There has been a certain struggle to find scriptural warrant for the privileging of marriage over all other forms of human relationship, and its apparent status as a sacrament of such importance that different understandings are worth splitting the church; and this has been a struggle largely because scripture has very little to say about marriage, and much of what it says is not especially positive. The Hebrew scriptures present no theology of marriage; it is simply a phenomenon of social life, which sometimes work out and sometimes doesn’t. In those letters which are unquestionably authored by Paul, the closest he gets to an endorsement of marriage is the grudging admission that if some people feel like they really have to do it, they might as well go ahead, and try to treat each other decently within that framework. Jesus manages on the one hand to prohibit divorce, and on the other to tell people to leave their wives and children for the sake of the gospel, two sayings not particularly easy to reconcile, as well as speaking positively of those who choose to be “eunuchs,” whether by this he means voluntary celibacy, gender nonconformity, or something else which we do not, at this historical remove, quite understand.
(A note: throughout this post, I will not take up in detail the question of what the various writers mean when they use the word “marriage.” The word has never referred to one, single, clearly-understood thing, it did not then and it does not now, and the insistence upon talking about “marriage” as if we all know what we mean by the word is the source of some of our problems. But this is a matter for another time.)

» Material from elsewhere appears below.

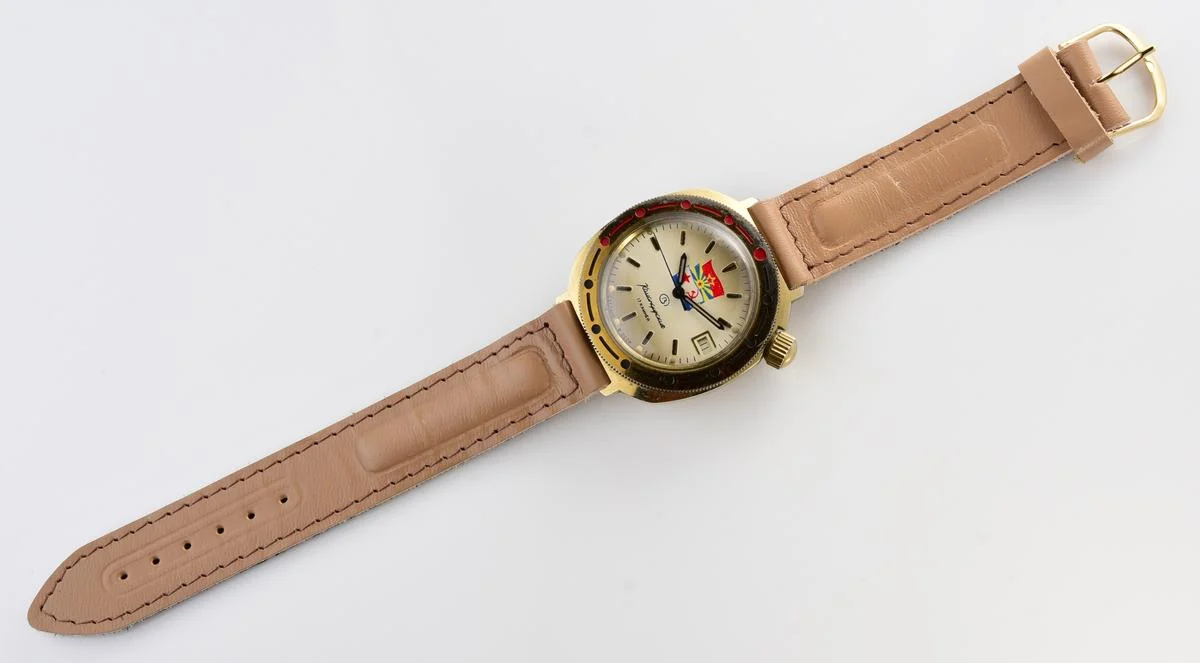 Komandirskie mechanical wrist watch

The scriptural basis for the contemporary theology of marriage comes down to basically three things – Ephesians 5:22-33; the use of marital imagery in the writings of some of the Hebrew prophets; and Jesus’s occasional use of bridegroom imagery. The latter two, though obviously not prescriptive, or even really descriptive in any simple sense, are seen to endorse the apparently sacramental vision of marriage expressed by the author of Ephesians, although it is not clear that they really do so. To a very large extent, the theologizing of marriage is built on the single prop of Ephesians 5:32, one verse in a letter of disputed authorship, another verse of which (6:5) was historically used to justify slavery. It is possibly a weak foundation.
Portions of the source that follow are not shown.